> _Given data_:
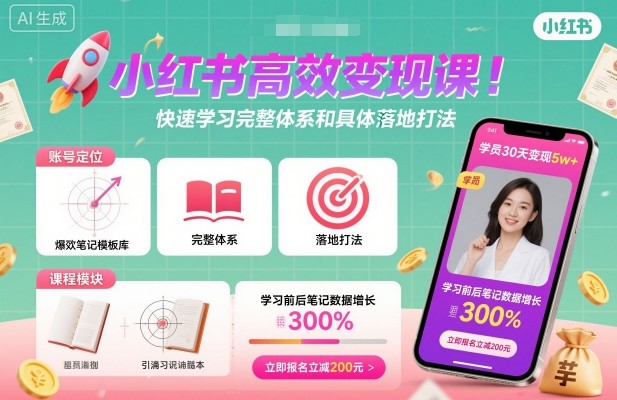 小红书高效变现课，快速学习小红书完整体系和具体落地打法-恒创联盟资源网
...
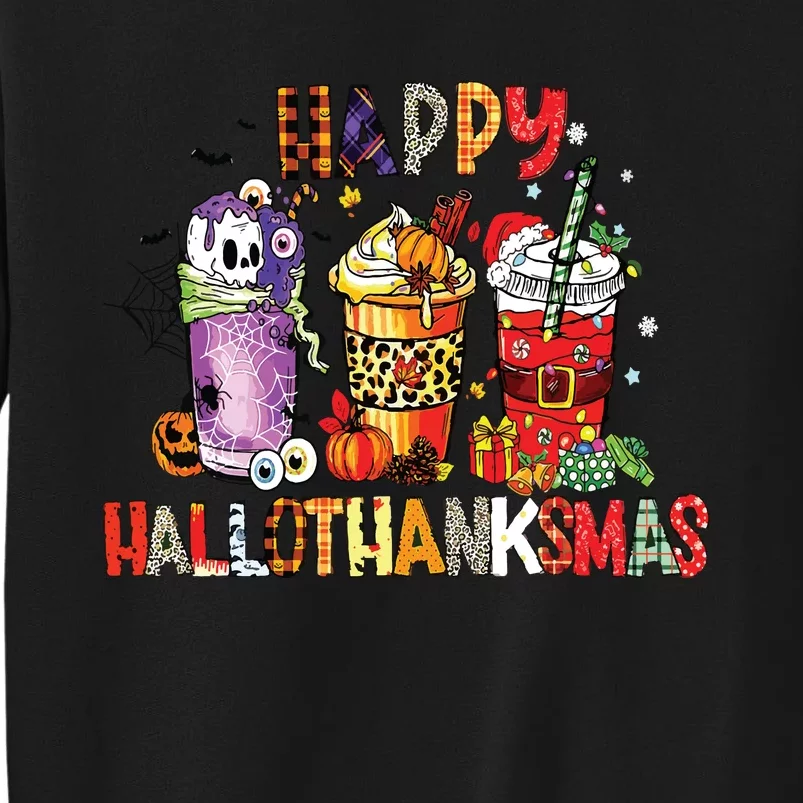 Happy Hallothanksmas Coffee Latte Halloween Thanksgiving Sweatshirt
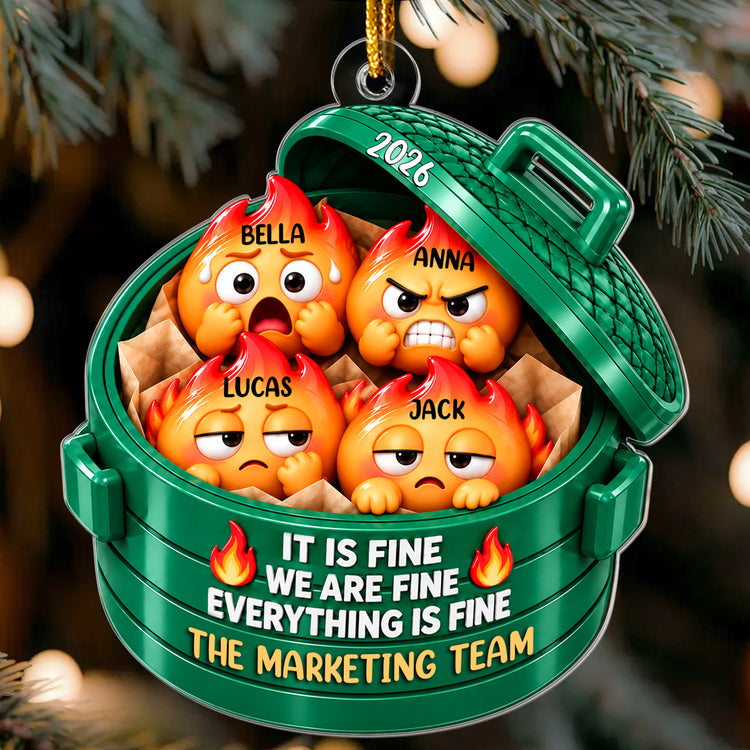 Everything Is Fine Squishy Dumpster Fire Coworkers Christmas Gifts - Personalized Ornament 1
--
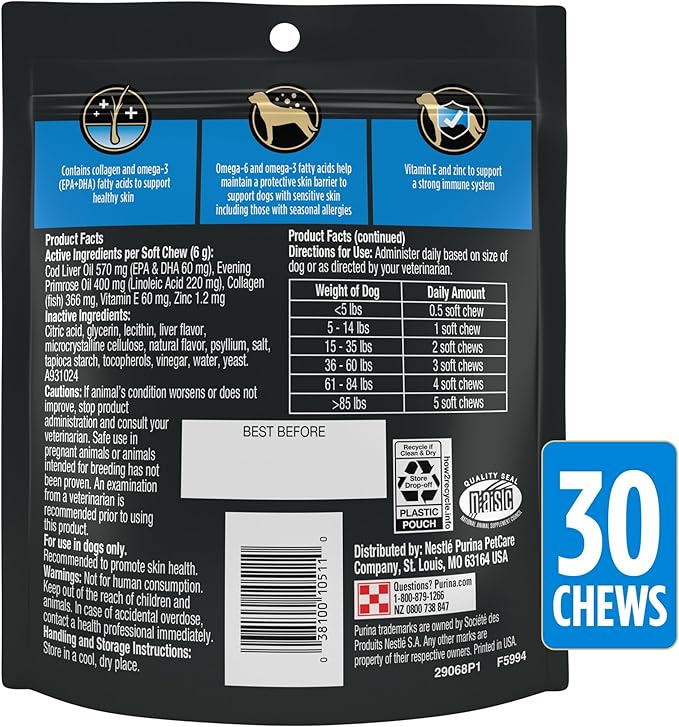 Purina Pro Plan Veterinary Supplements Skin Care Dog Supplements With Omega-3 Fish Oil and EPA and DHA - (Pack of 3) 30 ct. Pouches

> _Task statement_: Lines wanted from the entries above: the one with "Happy Hallothanksmas Coffee", the one with "Everything Is Fine", and all lines between. Please copy them exactly, without the pictures and without anything else.

> _Written answer_:
 Happy Hallothanksmas Coffee Latte Halloween Thanksgiving Sweatshirt
 Everything Is Fine Squishy Dumpster Fire Coworkers Christmas Gifts - Personalized Ornament 1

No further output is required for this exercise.